Il est clair que, pour Donald Trump, il peut être réjouissant d’avoir une femme pas gonflante et dépourvue de cellulite qui comble ses besoins sexuels. Mais être une First Lady est plus problématique. Car le fait qu’elle n’éprouve visiblement aucun intérêt pour la politique pèse lourd dans la balance. Si son côté sexy peut être un atout dans le métier de mannequin, dans d’autres circonstances on pourrait la juger futile, superficielle. Un mannequin n’a pas besoin de personnalité, ses habits font son identité. En revanche, l’apparence d’une première dame joue aussi un rôle diplomatique, elle reflète le comportement du gouvernement.
Dans son livre Femmes d’influence – Comment le pouvoir secret des premières dames américaines a fait basculer l’Histoire (Editions Tchou, 2010), l’auteure américaine Kati Marton a analysé la fonction des épouses de présidents et constaté: «Aucun homme au monde n’a un besoin aussi urgent d’une partenaire forte que le président. Il vit isolé dans un cocon, de sorte que la personne qu’il voit en premier le matin et en dernier le soir a une importance cruciale.»
Aux yeux de Kati Marton, le job de président des Etats-Unis est un emploi en tandem pour lequel un conjoint futé et bien informé est incontournable. Il constitue un des rares garde-fous; il est en position de le mettre en garde s’il se comporte comme un idiot. «Le couple présidentiel est un modèle et la First Lady devient un élément du folklore national qui réplique un certain style de vie. Chaque couple présidentiel nous enseigne quelque chose sur l’histoire et l’importance que la femme y prend.»
Que nous enseignerait Melania Trump sur l’importance des femmes? Qu’il n’est pas nécessaire de s’initier aux problèmes politiques; qu’il suffit d’être une jolie vacuité? Ou pire: que Paris Hilton et la famille Kardashian ont ouvert la voie afin que la «sexytude», la richesse et les fondus d’Instagram ne soient plus le mètre étalon pour les starlettes seulement, mais aussi pour les hôtes de la Maison Blanche? Qu’il importe peu qu’une femme soit égocentrique, vaine, frivole et ignorante tant qu’elle a de l’allure en bikini?

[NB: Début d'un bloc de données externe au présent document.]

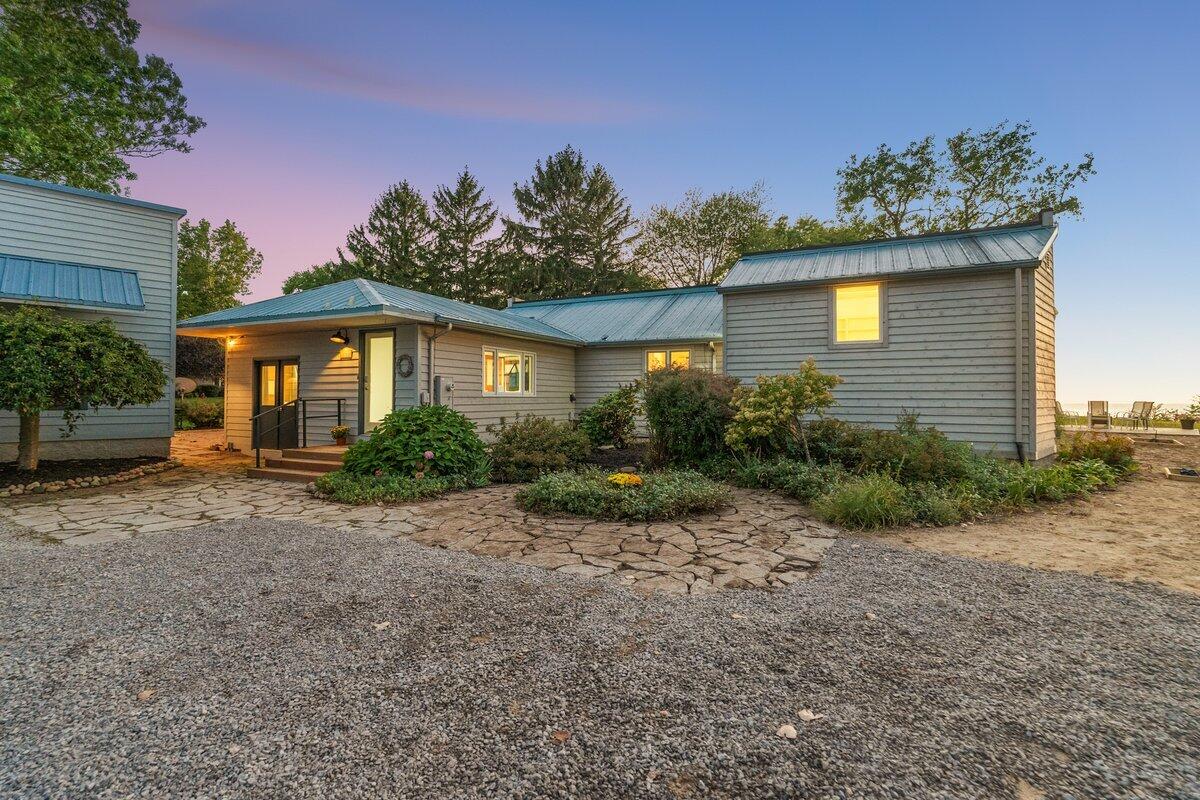 3960 Evergreen Lane Benton Harbor MI 49022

Ces arrangements avec la vérité
Les 600 000 «amis» de Melania Trump sur Facebook sont persuadés qu’elle serait une formidable représentante des Etats-Unis. Ils voient en elle une super-femme glamour, en jet privé, à la plage, au régime sans hydrates de carbone, avec de super-phrases du genre: «Ciao, je pars pour ma résidence d’été à la campagne pour le week-end.» De son côté, Donald Trump n’a évidemment pas de doutes: elle ferait une première dame exceptionnelle. «Elle a un cœur immense et la question de la santé des femmes lui importe beaucoup», a-t-il expliqué à la chaîne TV ABC.
Donald Trump est connu pour prendre des libertés avec la vérité. Apparemment Melania aussi. A l’Université de Ljubljana, nul n’a vu son travail de diplôme et les professeurs ne se rappellent pas d’elle. Comme mannequin, elle n’a guère eu de succès en Europe. Ce n’est que lorsqu’elle est devenue l’amie de Trump qu’elle a été très demandée, notamment pour des photos glamours dans des magazines masculins. Son ex-agent à Vienne ne peut pas confirmer qu’elle parle allemand comme elle l’assure. Elle enjolive même le CV de sa mère: selon elle, la modeste couturière en usine était une créatrice de mode.